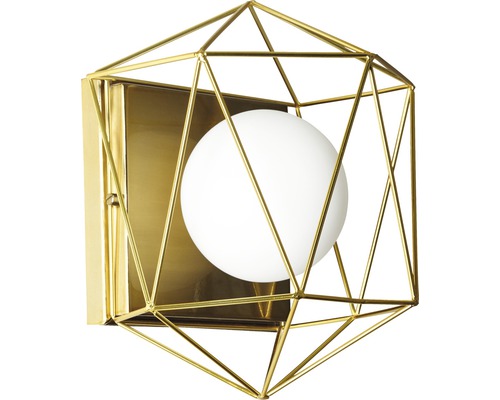 Applique murale dorée avec design géométrique et ampoule ronde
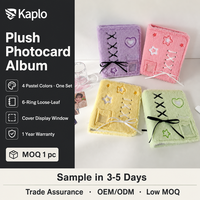 Album photo en peluche A5 Kpop avec reliure à 6 anneaux et fenêtre de présentation frontale pour cartes d'idols de 3 pouces, disponible en 4 couleurs pastel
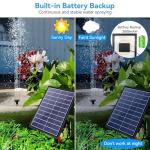 Solar Fountain Pump with Battery Backup for Bird Baths
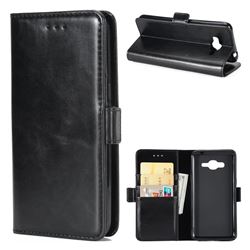 Luxury Crazy Horse PU Leather Wallet Case for Samsung Galaxy J2 Prime G532 - Black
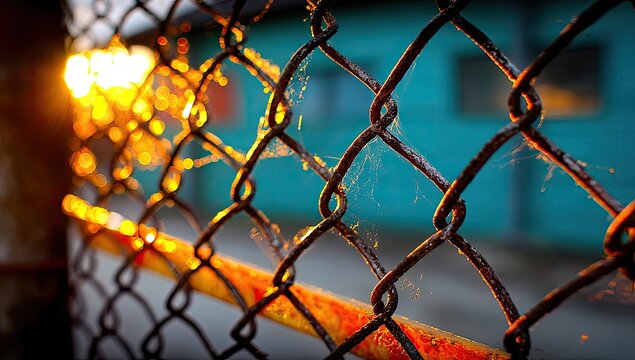 Rusty chain-link fence, sunset glow - Powered by Adobe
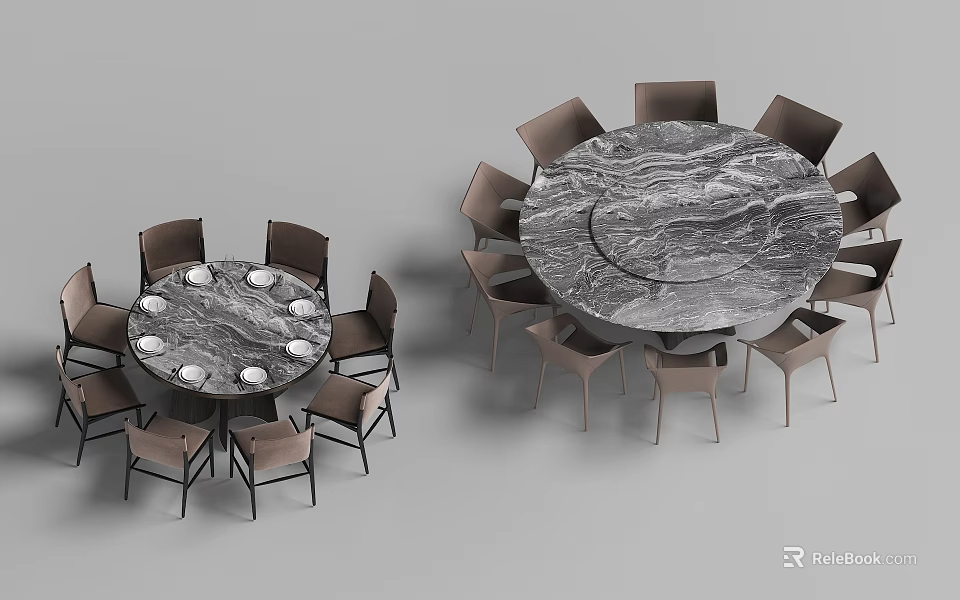 Stylish Round Dining Table Set With Marble Top And Modern Chairs For Home 3d model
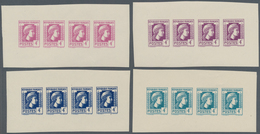 Frankreich: 1944, Definitives "Marianne", Not Issued, 4fr., Group Of Four Imperforate Panes Of Four - Sonstige & Ohne Zuordnung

*-*-*

● **What this task involves**
The line containing "Stylish Round Dining" and all lines after it, through the last line of the records, should be returned exactly. Omit the pictures.

● **Output for this task**
 Stylish Round Dining Table Set With Marble Top And Modern Chairs For Home 3d model
 Frankreich: 1944, Definitives "Marianne", Not Issued, 4fr., Group Of Four Imperforate Panes Of Four - Sonstige & Ohne Zuordnung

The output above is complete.